I saw a cool filtration system the other day and I was wondering if anyone else had heard of/used it. I'll draw a little diagram on Photoshop and post it so you guys can see what it looks like:










A) Water intake from your tank
B) Outake, water goes back into your tank
C) Light source
D) Bioballs
E) Sand substrate
F) Plants used to absorb nutrients
G) Filtration sponge to catch sand and other large chunks trying to pass through

I saw this on a marine tank and asked the manager what it was and he told me about it. He also said that it can be converted to be used on freshwater tanks too. BTW, this thing was not big, it was about the size of a large powerfilter and it was hanging on the side of his tank. Very nice.


----------



## RhomZilla (Feb 12, 2003)

I would guess its a mini wet/dry which also pushes CO2 mixture in the water when entering back in the tank, as an alternative to oxygen from bubbles?

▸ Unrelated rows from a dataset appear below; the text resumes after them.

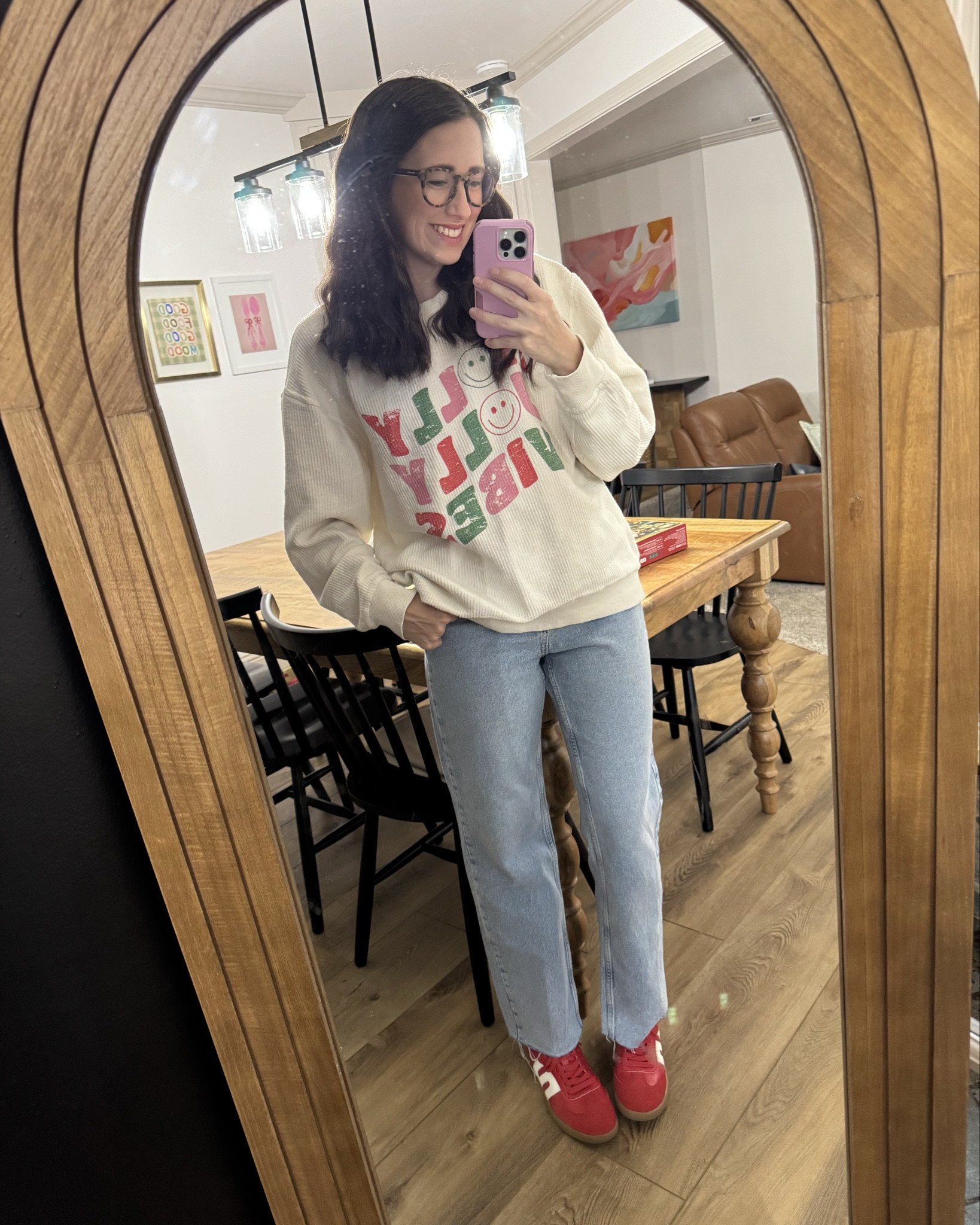 The cutest sweatshirt for the holidays! Jeans are Zara, and I can’t link them. #christmassweatshirt #pinklily #ootd #sahm #girlmom 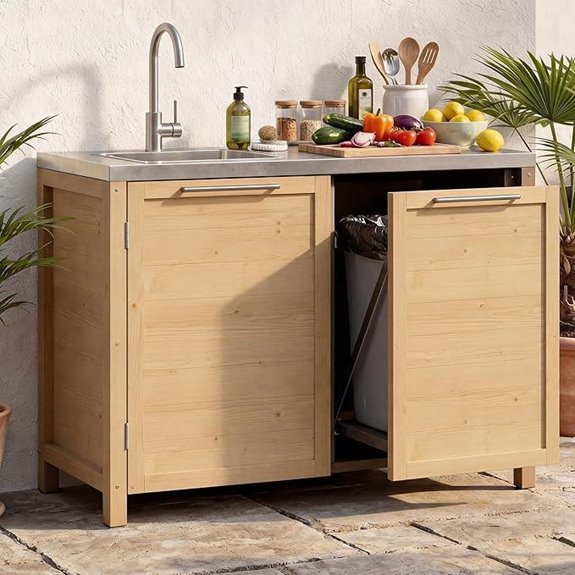 7 Best Countertops for Outdoor Kitchens in 2026 4 outdoor kitchen sink cabinet with trash bin storage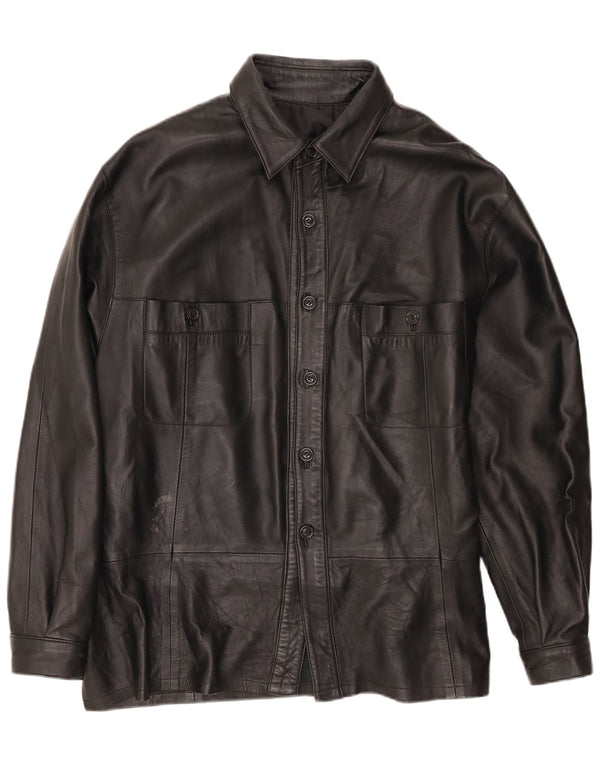 Vintage Herren Overshirt Lederhemd XL Schwarz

Anyone else care to have an opinion??


----------



## Sir Nathan XXI (Jan 29, 2003)

I used to use something very similar, except I used 2 sumps instead of putting both in one

you need alot of plants to make it work so with tanks like mine 125g, you would need somethign like a 40g full of fast growing plants for it to work well


----------



## WebHostExpert (Jan 16, 2003)

It looks like a planted wet/dry to me..

MAD


----------